Download or read book Engaging Emergence written by Peggy Holman and published by Berrett-Koehler Publishers. This book was released on 2010-09-06 with total page 265 pages. Available in PDF, EPUB and Kindle. Book excerpt: In this work, change specialist Holman reframes how we deal with chaos and change, and explains to leaders how to turn upheaval into opportunity and renewal.
Download or read book The Varieties of Historical Experience written by Stephan Palmié and published by Routledge. This book was released on 2019-03-21 with total page 373 pages. Available in PDF, EPUB and Kindle. Book excerpt: This book considers how history is not just objectively lived but subjectively experienced by people in the process of orienting their present toward the past. It analyses affectivity in historical experience, examines the digital mediation of history, and assesses the current politics of competing historical genres. The contributors explore the diverse ways in which the past may be activated and felt in the here and now, juxtaposing the practices of professional historiography with popular modes of engaging the past, from reenactments, filmmaking/viewing and historical fiction to museum collections and visits to historical sites. By examining the divergent forms of historical experience that flourish in the shadow of historicism in the West, this volume demonstrates how, and how widely (socially), the understanding of the past exceeds the expectations and frameworks of professional historicism. It makes the case that historians and the discipline of History could benefit from an ethnographic approach in order to assess the social reception of their practice now, and into a near future increasingly conditioned by digital media and demands for experiential immediacy.

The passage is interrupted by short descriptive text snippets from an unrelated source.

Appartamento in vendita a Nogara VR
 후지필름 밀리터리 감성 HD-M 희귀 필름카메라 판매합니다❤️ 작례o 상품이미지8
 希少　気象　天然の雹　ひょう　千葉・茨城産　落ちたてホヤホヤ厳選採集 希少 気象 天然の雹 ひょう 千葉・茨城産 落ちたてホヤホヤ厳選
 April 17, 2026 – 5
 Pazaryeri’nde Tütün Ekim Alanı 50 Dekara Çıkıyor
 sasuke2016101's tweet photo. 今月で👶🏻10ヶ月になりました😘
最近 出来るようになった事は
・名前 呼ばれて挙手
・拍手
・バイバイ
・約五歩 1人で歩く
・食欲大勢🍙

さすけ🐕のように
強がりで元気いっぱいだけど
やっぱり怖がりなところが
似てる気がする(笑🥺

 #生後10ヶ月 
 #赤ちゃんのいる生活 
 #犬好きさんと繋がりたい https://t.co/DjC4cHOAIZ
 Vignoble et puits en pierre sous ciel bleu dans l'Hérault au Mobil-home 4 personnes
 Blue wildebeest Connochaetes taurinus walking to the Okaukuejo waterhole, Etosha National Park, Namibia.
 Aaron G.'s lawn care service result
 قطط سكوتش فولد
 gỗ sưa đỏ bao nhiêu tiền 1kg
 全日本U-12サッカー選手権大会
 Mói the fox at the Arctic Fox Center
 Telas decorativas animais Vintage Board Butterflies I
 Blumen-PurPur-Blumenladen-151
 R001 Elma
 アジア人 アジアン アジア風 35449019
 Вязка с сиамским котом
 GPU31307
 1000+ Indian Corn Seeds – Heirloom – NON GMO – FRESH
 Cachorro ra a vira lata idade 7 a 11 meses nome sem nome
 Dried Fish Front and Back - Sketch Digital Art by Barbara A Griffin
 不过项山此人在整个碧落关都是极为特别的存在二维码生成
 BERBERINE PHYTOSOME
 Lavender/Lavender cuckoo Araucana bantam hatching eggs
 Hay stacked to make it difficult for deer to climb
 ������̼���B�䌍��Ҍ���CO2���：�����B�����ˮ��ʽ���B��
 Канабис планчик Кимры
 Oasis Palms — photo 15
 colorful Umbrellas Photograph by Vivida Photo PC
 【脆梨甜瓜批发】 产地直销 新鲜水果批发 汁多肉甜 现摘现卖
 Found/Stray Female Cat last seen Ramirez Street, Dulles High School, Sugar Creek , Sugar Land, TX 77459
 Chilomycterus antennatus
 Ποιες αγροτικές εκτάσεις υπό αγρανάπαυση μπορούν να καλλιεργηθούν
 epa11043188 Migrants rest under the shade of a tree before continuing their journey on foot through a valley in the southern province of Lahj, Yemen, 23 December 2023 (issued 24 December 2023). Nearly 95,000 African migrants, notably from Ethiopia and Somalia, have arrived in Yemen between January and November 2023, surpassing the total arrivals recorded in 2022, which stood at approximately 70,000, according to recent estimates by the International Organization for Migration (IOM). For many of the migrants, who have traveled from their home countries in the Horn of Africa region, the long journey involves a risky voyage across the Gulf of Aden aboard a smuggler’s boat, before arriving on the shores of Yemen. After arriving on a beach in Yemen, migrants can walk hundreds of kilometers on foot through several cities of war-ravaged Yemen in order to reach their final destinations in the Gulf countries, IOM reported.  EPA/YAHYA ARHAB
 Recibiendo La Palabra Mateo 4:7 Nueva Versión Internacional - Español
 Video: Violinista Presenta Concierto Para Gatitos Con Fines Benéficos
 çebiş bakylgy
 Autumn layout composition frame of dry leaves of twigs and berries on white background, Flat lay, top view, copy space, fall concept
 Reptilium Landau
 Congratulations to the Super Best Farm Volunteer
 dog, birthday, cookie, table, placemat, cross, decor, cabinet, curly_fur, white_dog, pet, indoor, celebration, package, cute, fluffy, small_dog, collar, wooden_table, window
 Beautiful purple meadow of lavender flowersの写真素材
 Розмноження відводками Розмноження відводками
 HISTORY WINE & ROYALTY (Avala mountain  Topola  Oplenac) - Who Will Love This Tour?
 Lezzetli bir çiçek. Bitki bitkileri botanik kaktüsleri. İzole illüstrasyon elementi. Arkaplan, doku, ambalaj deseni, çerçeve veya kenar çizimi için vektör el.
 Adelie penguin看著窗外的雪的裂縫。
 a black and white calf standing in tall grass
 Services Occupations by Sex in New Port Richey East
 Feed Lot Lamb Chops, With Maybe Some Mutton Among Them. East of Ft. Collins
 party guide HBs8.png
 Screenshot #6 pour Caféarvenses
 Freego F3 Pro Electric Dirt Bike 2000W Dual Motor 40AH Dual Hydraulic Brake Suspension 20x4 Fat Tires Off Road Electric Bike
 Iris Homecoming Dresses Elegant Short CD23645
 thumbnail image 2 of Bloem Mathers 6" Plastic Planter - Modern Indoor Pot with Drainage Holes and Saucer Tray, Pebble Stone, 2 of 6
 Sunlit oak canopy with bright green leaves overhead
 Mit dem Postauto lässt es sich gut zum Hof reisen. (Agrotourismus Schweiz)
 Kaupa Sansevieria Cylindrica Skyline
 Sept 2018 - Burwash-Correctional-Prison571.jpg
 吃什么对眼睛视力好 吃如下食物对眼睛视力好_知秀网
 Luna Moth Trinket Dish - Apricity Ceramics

Download or read book Playing with the Past written by Kate Clark and published by Berghahn Books. This book was released on 2019-10-03 with total page 355 pages. Available in PDF, EPUB and Kindle. Book excerpt: Heritage is all around us, not just in monuments and museums, but in places that matter, in the countryside and in collections and stories. It touches all of us. How do we decide what to preserve? How do we make the case for heritage when there are so many other priorities? Playing with the Past is the first ever action-learning book about heritage. Over eighty creative activities and games encompass the basics of heritage practice, from management and decisionmaking to community engagement and leadership. Although designed to ‘train the trainers’, the activities in the book are relevant to anyone involved in caring for heritage.